(Materials provided)
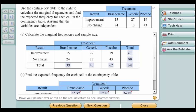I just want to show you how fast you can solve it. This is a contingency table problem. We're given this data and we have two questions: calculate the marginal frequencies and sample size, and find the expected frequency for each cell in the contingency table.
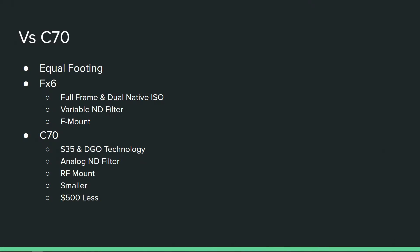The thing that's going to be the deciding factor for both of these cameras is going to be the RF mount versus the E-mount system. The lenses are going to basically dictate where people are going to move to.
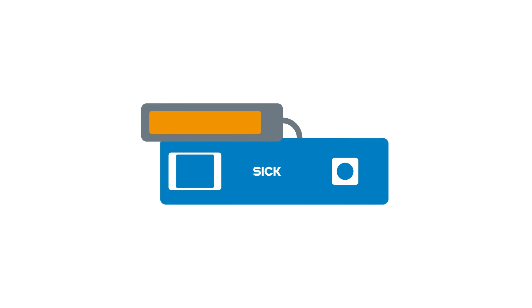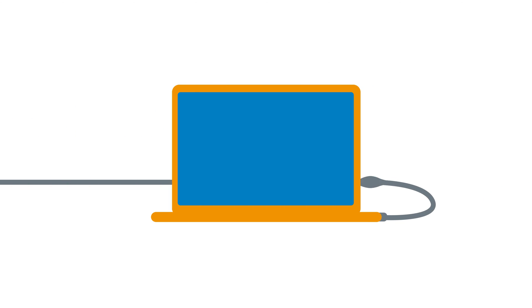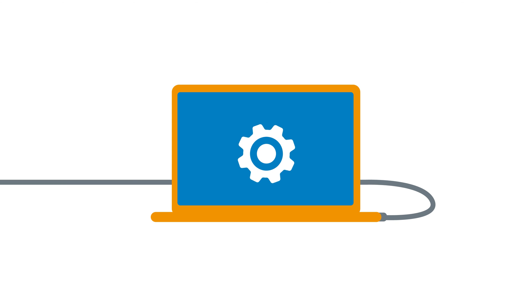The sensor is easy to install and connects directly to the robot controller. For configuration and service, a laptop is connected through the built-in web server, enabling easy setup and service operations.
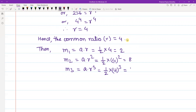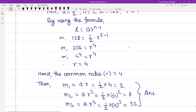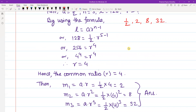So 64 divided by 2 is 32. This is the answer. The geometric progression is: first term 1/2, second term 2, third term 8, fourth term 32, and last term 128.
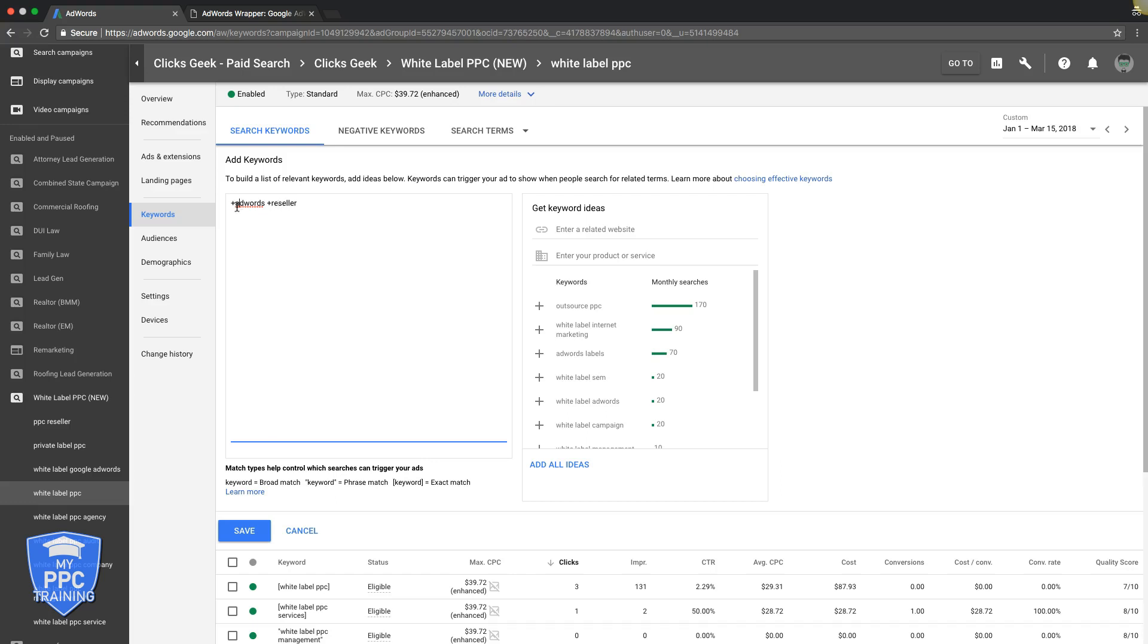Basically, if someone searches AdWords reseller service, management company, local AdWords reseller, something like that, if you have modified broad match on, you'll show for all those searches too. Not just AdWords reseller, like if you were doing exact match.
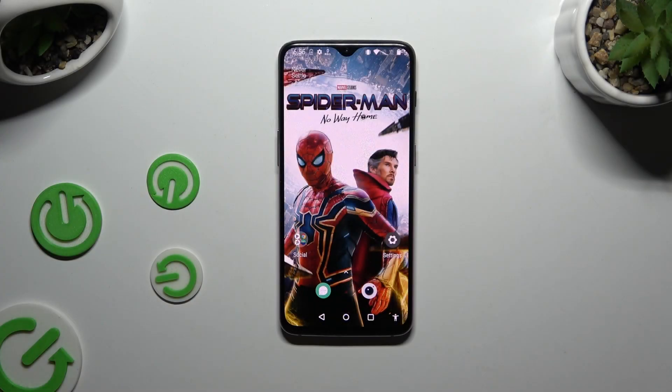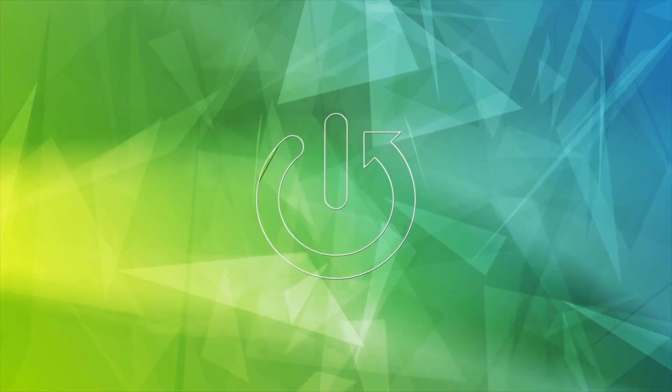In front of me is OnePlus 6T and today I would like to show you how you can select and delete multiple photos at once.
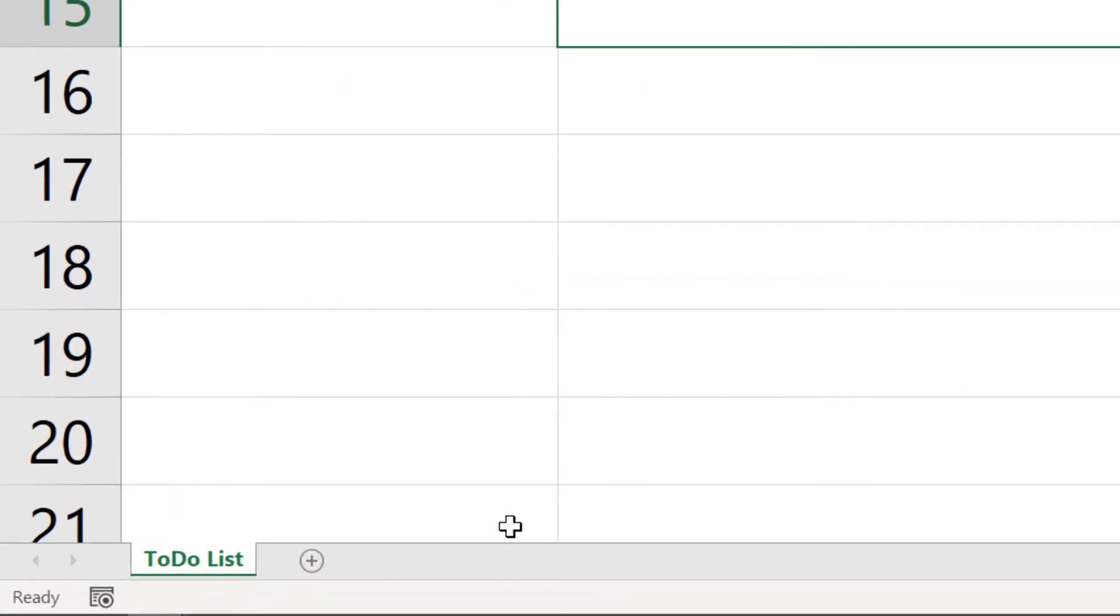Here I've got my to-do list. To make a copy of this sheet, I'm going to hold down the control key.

* * *

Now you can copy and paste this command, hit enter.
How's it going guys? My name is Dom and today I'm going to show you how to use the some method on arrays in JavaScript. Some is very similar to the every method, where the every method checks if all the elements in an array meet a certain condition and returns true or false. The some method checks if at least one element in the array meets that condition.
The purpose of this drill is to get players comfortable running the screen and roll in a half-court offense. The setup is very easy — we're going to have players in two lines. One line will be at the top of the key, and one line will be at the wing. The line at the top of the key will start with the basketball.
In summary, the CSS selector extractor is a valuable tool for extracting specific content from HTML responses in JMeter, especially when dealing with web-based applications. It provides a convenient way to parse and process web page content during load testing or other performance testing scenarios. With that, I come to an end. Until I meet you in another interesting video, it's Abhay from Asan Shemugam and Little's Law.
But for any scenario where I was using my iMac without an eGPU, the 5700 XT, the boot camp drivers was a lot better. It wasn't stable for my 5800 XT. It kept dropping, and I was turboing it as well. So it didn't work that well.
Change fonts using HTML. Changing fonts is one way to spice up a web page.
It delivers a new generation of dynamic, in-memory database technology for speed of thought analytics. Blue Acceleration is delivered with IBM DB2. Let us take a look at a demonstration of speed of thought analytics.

* * *

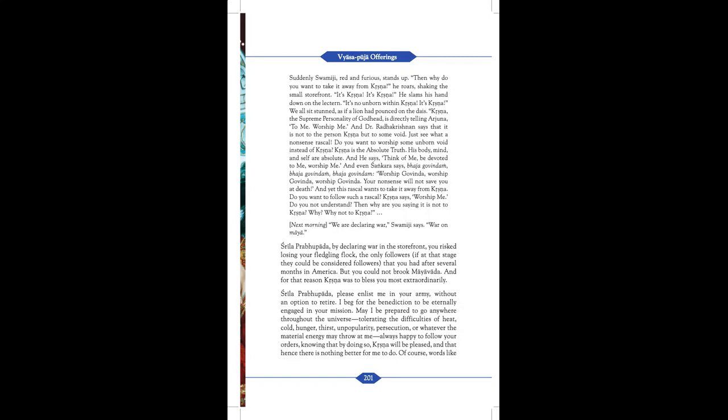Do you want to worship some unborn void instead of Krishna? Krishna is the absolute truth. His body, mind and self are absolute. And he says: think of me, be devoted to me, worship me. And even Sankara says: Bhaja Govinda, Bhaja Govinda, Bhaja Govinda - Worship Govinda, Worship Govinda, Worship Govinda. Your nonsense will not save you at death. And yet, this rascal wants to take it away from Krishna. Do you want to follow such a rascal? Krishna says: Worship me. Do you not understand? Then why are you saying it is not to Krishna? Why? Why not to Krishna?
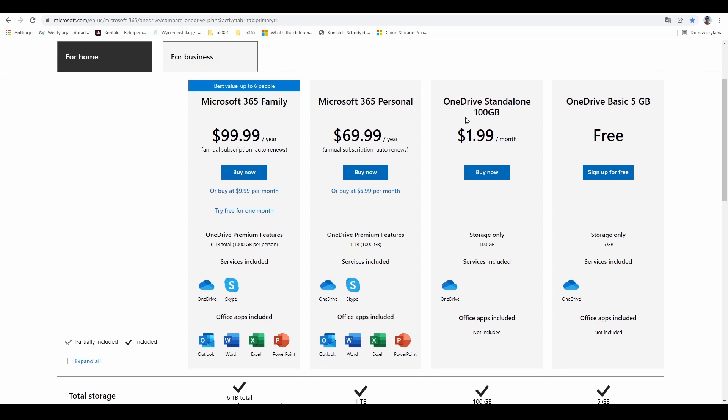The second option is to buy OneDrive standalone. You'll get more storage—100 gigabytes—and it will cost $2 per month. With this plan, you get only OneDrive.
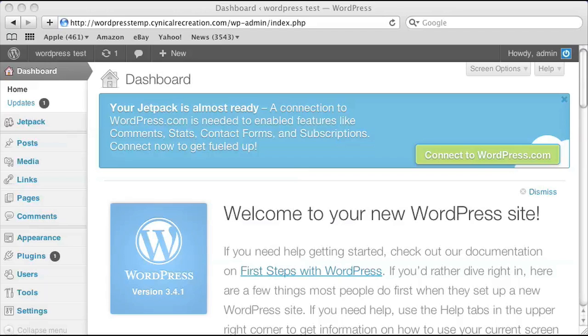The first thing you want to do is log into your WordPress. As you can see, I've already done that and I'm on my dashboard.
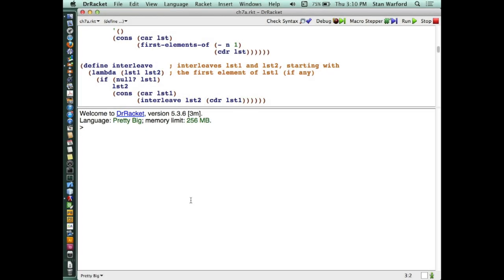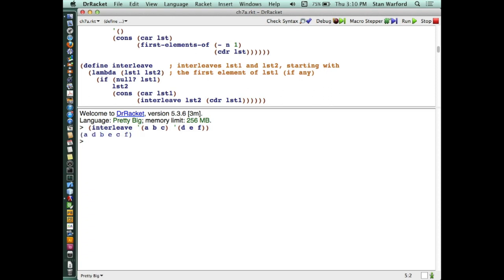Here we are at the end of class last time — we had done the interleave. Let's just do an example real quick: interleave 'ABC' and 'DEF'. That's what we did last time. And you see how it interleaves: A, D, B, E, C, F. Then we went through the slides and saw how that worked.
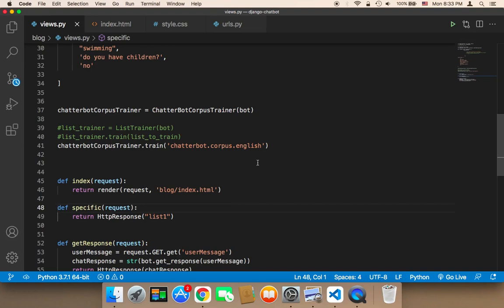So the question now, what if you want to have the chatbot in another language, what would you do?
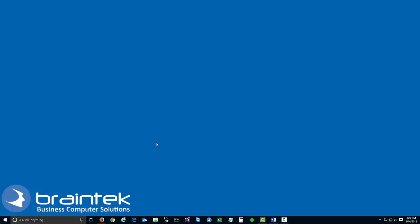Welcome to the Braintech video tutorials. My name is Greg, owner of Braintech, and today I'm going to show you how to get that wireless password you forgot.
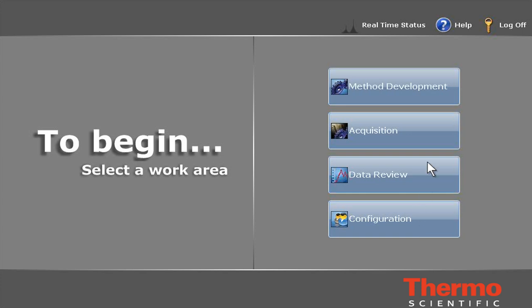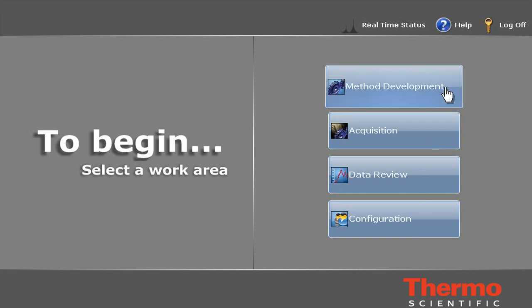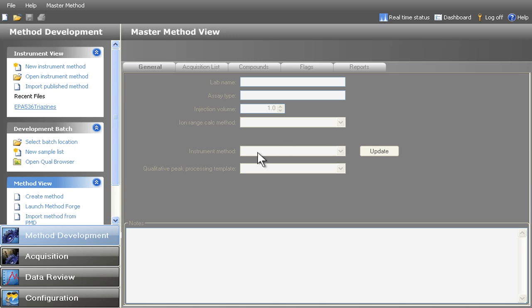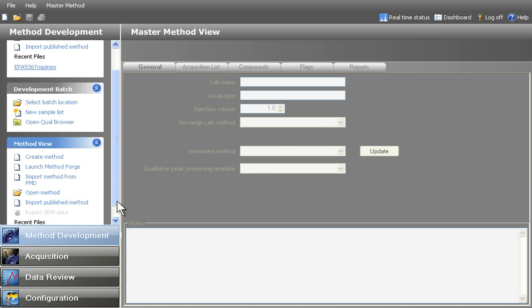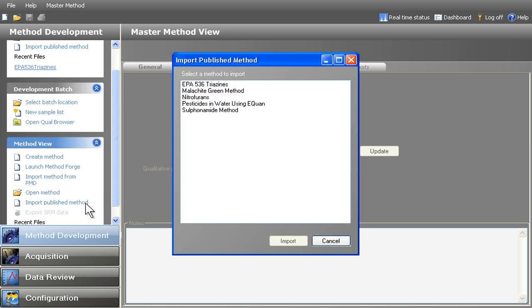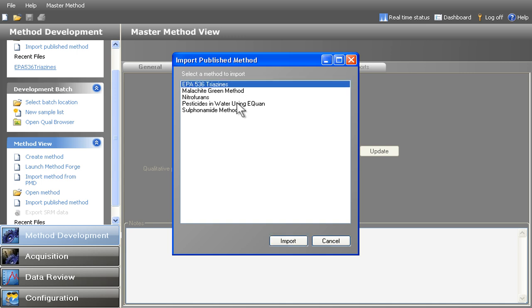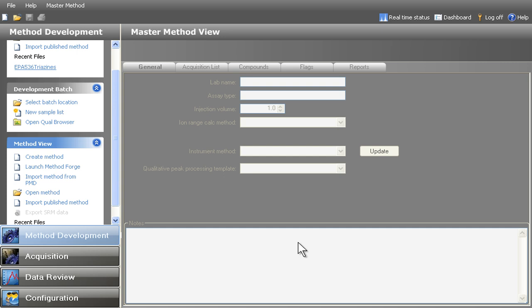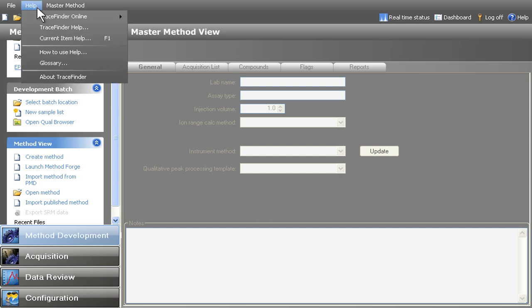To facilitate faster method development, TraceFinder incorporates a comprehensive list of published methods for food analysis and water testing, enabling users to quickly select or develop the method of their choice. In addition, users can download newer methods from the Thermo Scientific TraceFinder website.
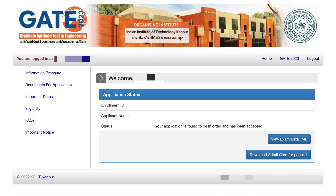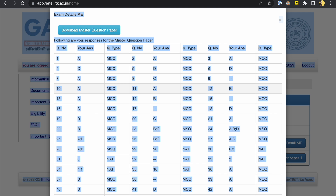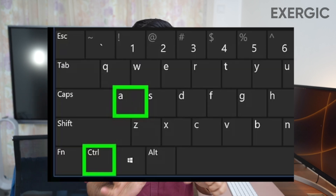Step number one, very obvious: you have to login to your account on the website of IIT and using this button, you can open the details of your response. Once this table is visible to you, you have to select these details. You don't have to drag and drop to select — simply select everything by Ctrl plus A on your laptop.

(Try it) Starting at the line that contains "Here we are" and ending at the line that contains "Welcome to the", transcribe the material above exactly, excluding pictures.

(Response)
Here we are at the end of class last time — we had done the interleave. Let's just do an example real quick: interleave 'ABC' and 'DEF'. That's what we did last time. And you see how it interleaves: A, D, B, E, C, F. Then we went through the slides and saw how that worked.
So the question now, what if you want to have the chatbot in another language, what would you do?
Welcome to the Braintech video tutorials. My name is Greg, owner of Braintech, and today I'm going to show you how to get that wireless password you forgot.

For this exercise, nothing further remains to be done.